Even the AP called the president’s press conference yesterday “confrontational.” I didn’t watch the press conference as I was spending the morning (Pacific Time) with my sister in the Bay Area before driving back home. And well, I’d rather spend time with my sister — or play trains with her son — than watch a political talkfest.
What struck me about the conference was the consensus of the coverage, with many pundits and reporters echoing the AP’s evaluation; others labeled it “combative.” I wondered, as I read the coverage, whether we were getting a foretaste of his reelection campaign, with attacks on partisan adversaries replacing promises of a new kind of politics.
A man who holds such a presser can’t run for reelection as the kind of politician he billed himself to be in the 2008 campaign. And offering such confrontational public statements, Jim Geraghty reminds us, is hardly new for this president:
What I think this reveals is that Barack Obama is not used to being challenged. Most of us have scoffed at his predictable straw men, his off-the-cuff references to tonsil-stealing doctors, his exhausted, “some on the right say we should take this extreme path, some on the left take this extreme path, but I choose this sensible path in the middle” framing of every issue.

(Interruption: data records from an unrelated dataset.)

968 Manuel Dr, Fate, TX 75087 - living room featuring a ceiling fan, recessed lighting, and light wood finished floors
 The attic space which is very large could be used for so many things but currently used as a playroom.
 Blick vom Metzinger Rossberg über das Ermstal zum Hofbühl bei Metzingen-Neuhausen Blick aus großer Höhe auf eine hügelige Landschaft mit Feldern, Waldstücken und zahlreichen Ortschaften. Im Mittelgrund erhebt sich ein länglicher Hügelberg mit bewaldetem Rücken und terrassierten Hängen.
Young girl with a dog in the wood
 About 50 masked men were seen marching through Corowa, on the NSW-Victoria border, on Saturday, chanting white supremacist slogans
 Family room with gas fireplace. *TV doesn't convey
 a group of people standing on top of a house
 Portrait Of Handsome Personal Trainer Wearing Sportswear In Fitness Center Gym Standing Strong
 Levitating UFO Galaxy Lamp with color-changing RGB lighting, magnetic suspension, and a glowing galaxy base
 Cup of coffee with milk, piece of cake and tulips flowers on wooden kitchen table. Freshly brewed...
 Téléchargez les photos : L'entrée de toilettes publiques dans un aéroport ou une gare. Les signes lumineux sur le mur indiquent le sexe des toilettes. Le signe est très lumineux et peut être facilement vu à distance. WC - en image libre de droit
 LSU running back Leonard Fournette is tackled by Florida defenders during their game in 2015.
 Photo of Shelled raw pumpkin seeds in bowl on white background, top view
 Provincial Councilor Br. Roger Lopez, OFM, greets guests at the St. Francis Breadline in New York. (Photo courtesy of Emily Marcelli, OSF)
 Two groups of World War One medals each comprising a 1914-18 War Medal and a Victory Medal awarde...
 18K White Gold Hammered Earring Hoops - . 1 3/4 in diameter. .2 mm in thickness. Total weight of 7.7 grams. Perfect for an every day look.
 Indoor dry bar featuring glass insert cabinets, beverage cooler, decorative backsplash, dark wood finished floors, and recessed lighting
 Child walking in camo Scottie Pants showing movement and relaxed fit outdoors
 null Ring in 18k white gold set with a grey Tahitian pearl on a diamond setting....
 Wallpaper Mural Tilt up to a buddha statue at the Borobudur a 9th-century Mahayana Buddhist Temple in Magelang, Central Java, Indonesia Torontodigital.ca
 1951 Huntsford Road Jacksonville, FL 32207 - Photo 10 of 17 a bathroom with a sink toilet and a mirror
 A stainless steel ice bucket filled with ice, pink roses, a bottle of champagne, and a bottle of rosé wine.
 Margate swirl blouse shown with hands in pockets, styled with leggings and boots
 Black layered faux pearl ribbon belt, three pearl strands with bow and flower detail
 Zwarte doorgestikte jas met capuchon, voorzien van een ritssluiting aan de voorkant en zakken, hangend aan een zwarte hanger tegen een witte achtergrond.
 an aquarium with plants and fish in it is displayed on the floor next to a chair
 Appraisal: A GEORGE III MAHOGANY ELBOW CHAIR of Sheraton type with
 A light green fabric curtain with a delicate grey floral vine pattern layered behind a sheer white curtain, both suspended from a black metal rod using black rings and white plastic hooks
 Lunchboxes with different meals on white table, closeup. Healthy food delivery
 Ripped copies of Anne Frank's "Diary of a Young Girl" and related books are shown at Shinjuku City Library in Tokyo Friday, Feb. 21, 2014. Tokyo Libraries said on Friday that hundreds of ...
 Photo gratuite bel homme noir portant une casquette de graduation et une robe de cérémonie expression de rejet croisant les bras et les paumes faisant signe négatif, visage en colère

As we recall from his attacks upon Paul Ryan at GWU, the Supreme Court justices at the State of the Union, and his jabs at Pete Hoekstra, Obama loves to go after his opponents in national addresses, with his targets in the audience, unable to respond. In the setting of the grandiose national address is that there is rarely a rebuttal.
He bristles when challenged and lashes out at his ideological adversaries. Is this the way to lead the country facing great economic challenges and a budget severely out of balance?